Asian stock markets rose sharply in early trading Monday, boosted by stronger-than-expected U.S. hiring figures for July following three months of weak job gains.
A weekend statement by the People's Bank of China indicating it would intensify policy fine-tuning also helped investment sentiment by raising hopes for more monetary easing, analysts said.
"It seems that policy focus in China has indeed shifted quite dramatically towards supporting growth," Dariusz Kowalczyk at Credit Agricole CIB in Hong Kong said in a market commentary.
Japan's Nikkei 225 index rose 1.8 percent to 8,706.85 while Hong Kong's Hang Seng index rose 2.1 percent to 20,071.95. South Korea's Kospi added 2 percent to 1,885.69 and Australia's S&P ASX/200 was 1.3 percent higher at 4,257.30. Benchmarks in Singapore, Taiwan and the Philippines also rose.

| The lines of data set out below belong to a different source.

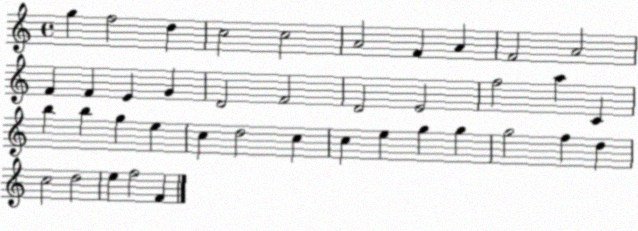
X:1
T:Untitled
M:4/4
L:1/4
K:C
g f2 d c2 c2 A2 F A F2 A2 F F E G D2 F2 D2 E2 f2 a C b b g e c d2 c c e g g g2 f d c2 d2 e f2 F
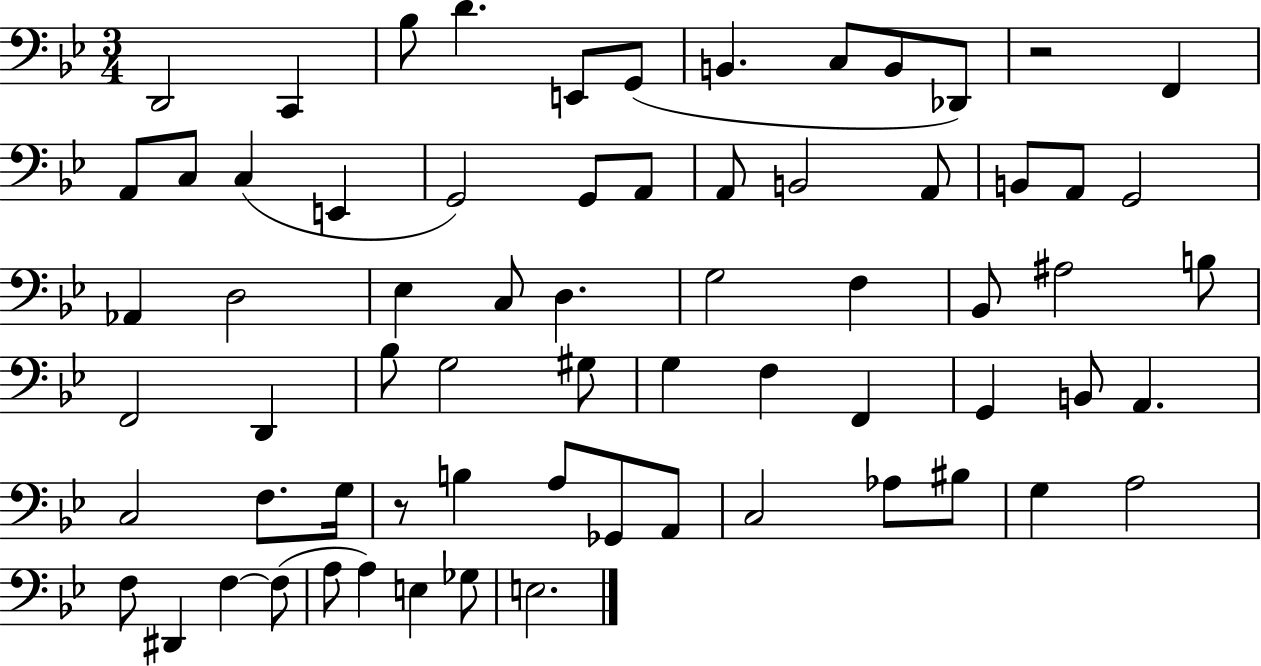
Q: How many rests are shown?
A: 2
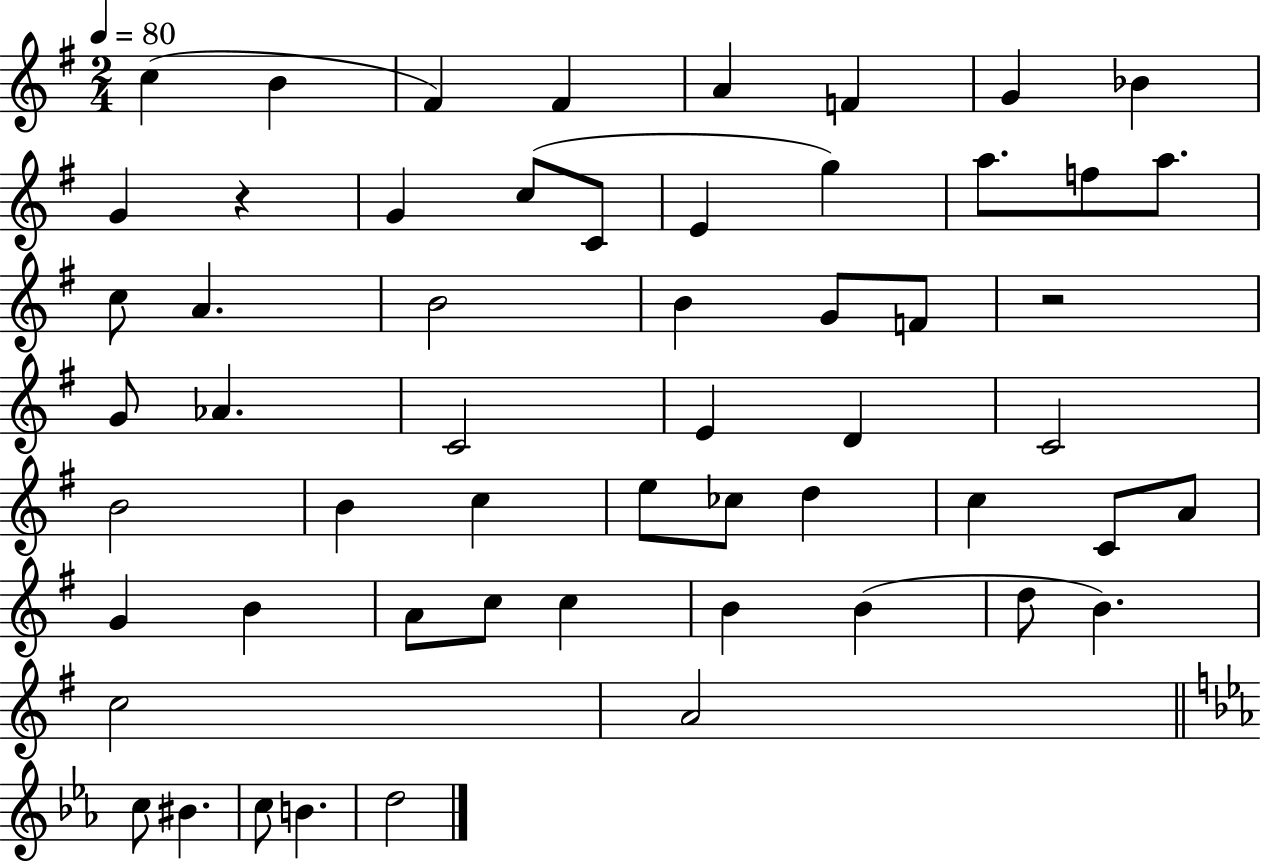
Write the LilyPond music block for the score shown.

{
  \clef treble
  \numericTimeSignature
  \time 2/4
  \key g \major
  \tempo 4 = 80
  \repeat volta 2 { c''4( b'4 | fis'4) fis'4 | a'4 f'4 | g'4 bes'4 | \break g'4 r4 | g'4 c''8( c'8 | e'4 g''4) | a''8. f''8 a''8. | \break c''8 a'4. | b'2 | b'4 g'8 f'8 | r2 | \break g'8 aes'4. | c'2 | e'4 d'4 | c'2 | \break b'2 | b'4 c''4 | e''8 ces''8 d''4 | c''4 c'8 a'8 | \break g'4 b'4 | a'8 c''8 c''4 | b'4 b'4( | d''8 b'4.) | \break c''2 | a'2 | \bar "||" \break \key c \minor c''8 bis'4. | c''8 b'4. | d''2 | } \bar "|."
}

Stocks finished sharply higher on Wall Street on Friday after the government said the U.S. added 163,000 jobs last month, a turnaround following three months of sluggish hiring. Between April and June, the economy added an average of just 75,000 jobs a month compared with 226,000 jobs per month in the first three months of the year. The Dow Jones industrial average rose 1.7 percent to close at 13,096.17. The Standard & Poor's 500 rose 1.9 percent to 1,390.99. The Nasdaq composite index rose 2 percent to 2,967.90.
Still, recent job gains weren't enough to bring down the unemployment rate, which rose to 8.3 percent from 8.2 percent in June.

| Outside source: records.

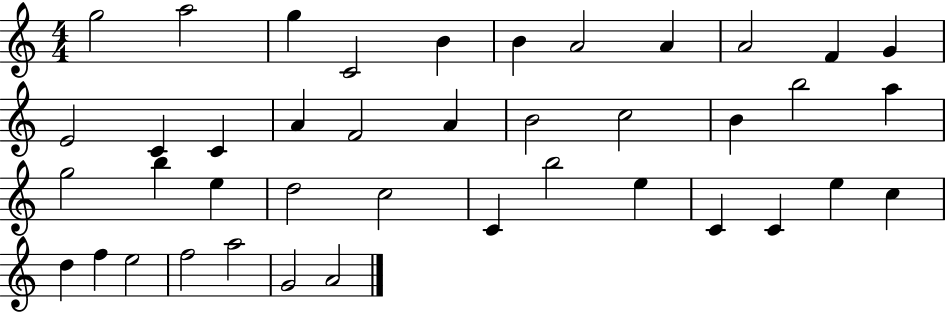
G5/h A5/h G5/q C4/h B4/q B4/q A4/h A4/q A4/h F4/q G4/q E4/h C4/q C4/q A4/q F4/h A4/q B4/h C5/h B4/q B5/h A5/q G5/h B5/q E5/q D5/h C5/h C4/q B5/h E5/q C4/q C4/q E5/q C5/q D5/q F5/q E5/h F5/h A5/h G4/h A4/h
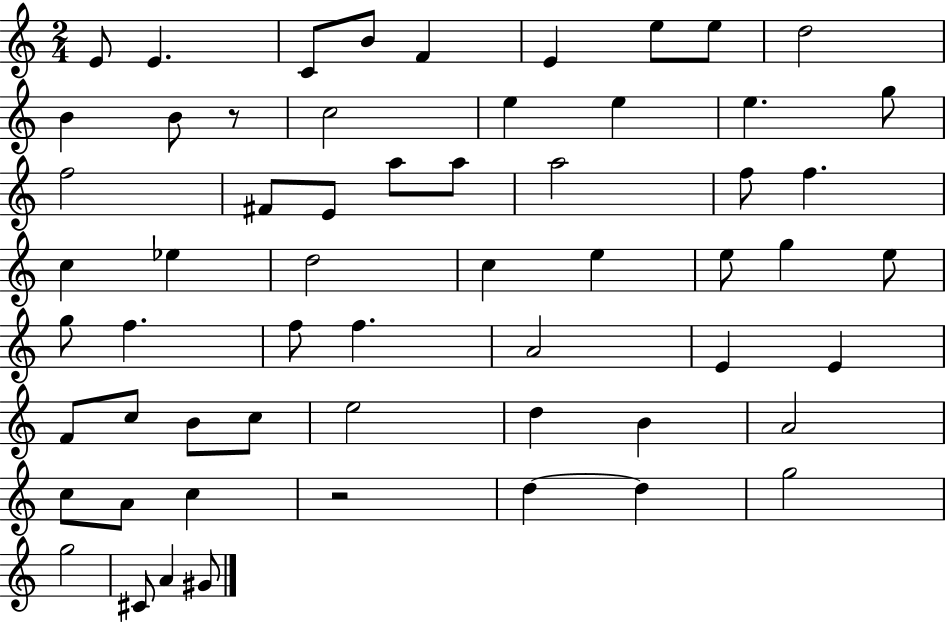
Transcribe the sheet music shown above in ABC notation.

X:1
T:Untitled
M:2/4
L:1/4
K:C
E/2 E C/2 B/2 F E e/2 e/2 d2 B B/2 z/2 c2 e e e g/2 f2 ^F/2 E/2 a/2 a/2 a2 f/2 f c _e d2 c e e/2 g e/2 g/2 f f/2 f A2 E E F/2 c/2 B/2 c/2 e2 d B A2 c/2 A/2 c z2 d d g2 g2 ^C/2 A ^G/2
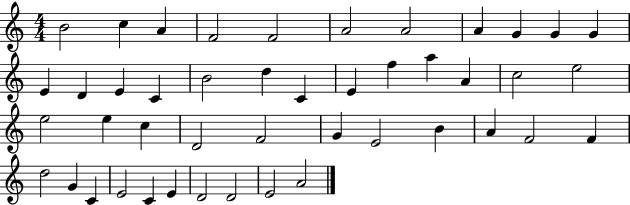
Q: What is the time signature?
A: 4/4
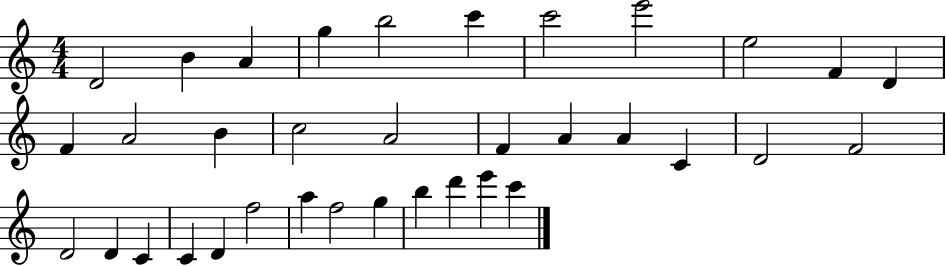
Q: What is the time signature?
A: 4/4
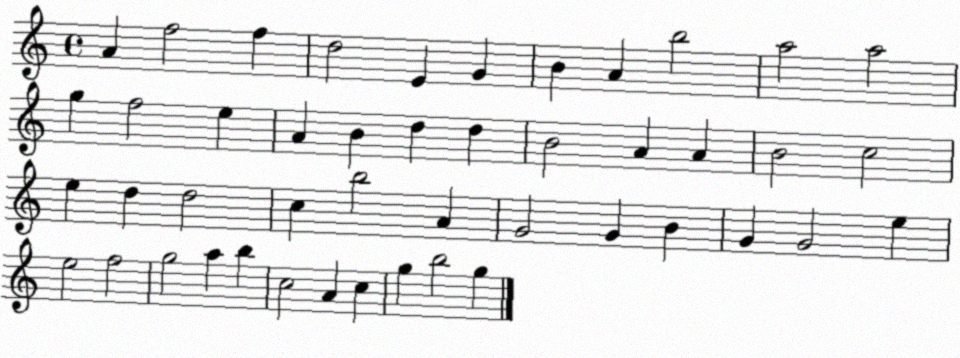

On Friday, Asian stock markets fell after the European Central Bank's policy meeting failed to deliver on bold promises of action to overcome the region's prolonged debt crisis. Investors had hoped the ECB would resume purchases of government bonds to lower the borrowing costs of financially struggling countries such as Spain and announce other measures to calm a crisis that is dragging down global economic growth.
But Germany, which is Europe's biggest economy, is opposed to the ECB operating outside its mandate to control inflation and wants any government bond purchases to be financed by other funds set up to deal with the crisis.
Benchmark crude was down 18 cents at $91.22 a barrel in electronic trading on the New York Mercantile Exchange. The contract rose $4.27 on Friday to settle at $91.40 in New York. In London, Brent crude was down 53 cents at $108.41 on the ICE Futures exchange.
In currencies, the euro rose to $1.2403 from $1.2377 late Friday in New York. The dollar fell to 78.35 yen from 78.59 yen.